### DESCRIPTION OF THE TASK
Omit the pictures and reproduce the rest of the listing exactly.

### SOURCE MATERIAL
- Opening Delimiter -
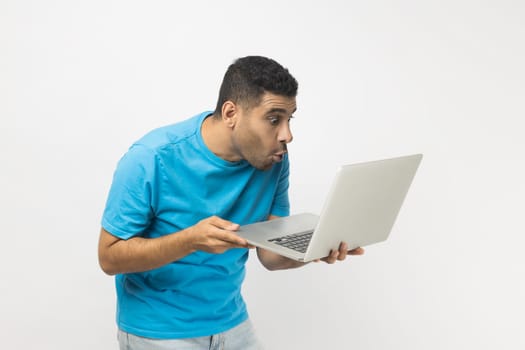 Portrait of shocked surprised unshaven man wearing blue T- shirt standing sees something astonished at laptop screen, looking at monitor with big eyes. Indoor studio shot isolated on gray background.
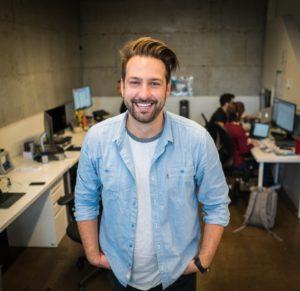 company culture - man smiling standing in community office space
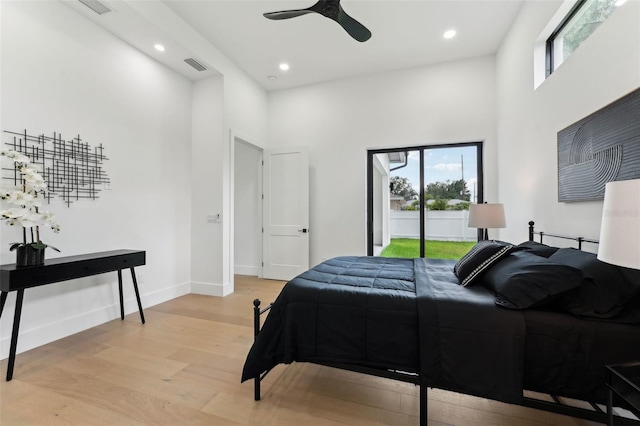 3817 W San Nicholas St, Tampa, FL 33629 - bedroom with a high ceiling, multiple windows, light wood-style flooring, recessed lighting, and access to outside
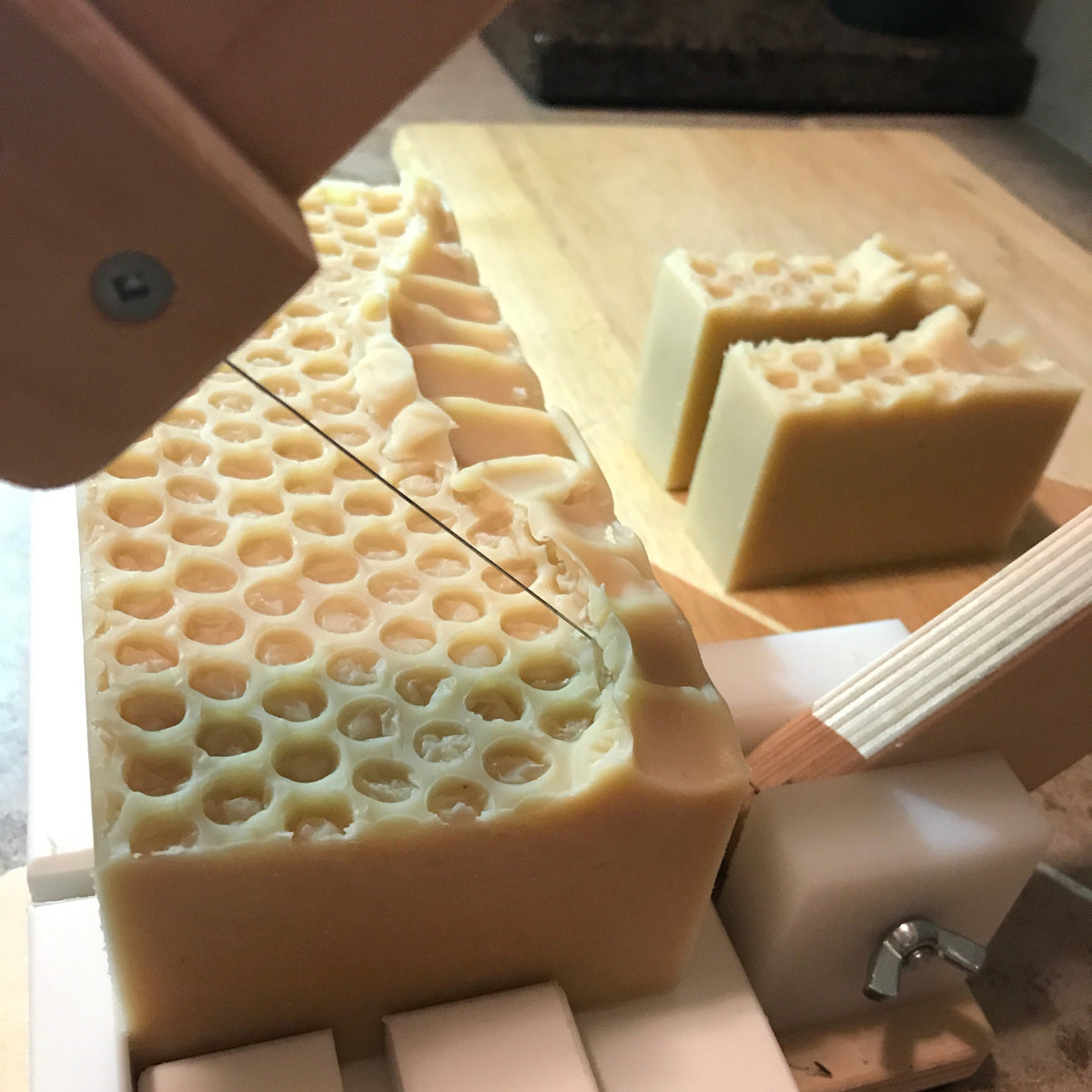 Oatmeal honey soap loaf being cut into bars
- Closing Delimiter -
### OUTPUT FOR THIS EXERCISE
 Portrait of shocked surprised unshaven man wearing blue T- shirt standing sees something astonished at laptop screen, looking at monitor with big eyes. Indoor studio shot isolated on gray background.
 company culture - man smiling standing in community office space
 3817 W San Nicholas St, Tampa, FL 33629 - bedroom with a high ceiling, multiple windows, light wood-style flooring, recessed lighting, and access to outside
 Oatmeal honey soap loaf being cut into bars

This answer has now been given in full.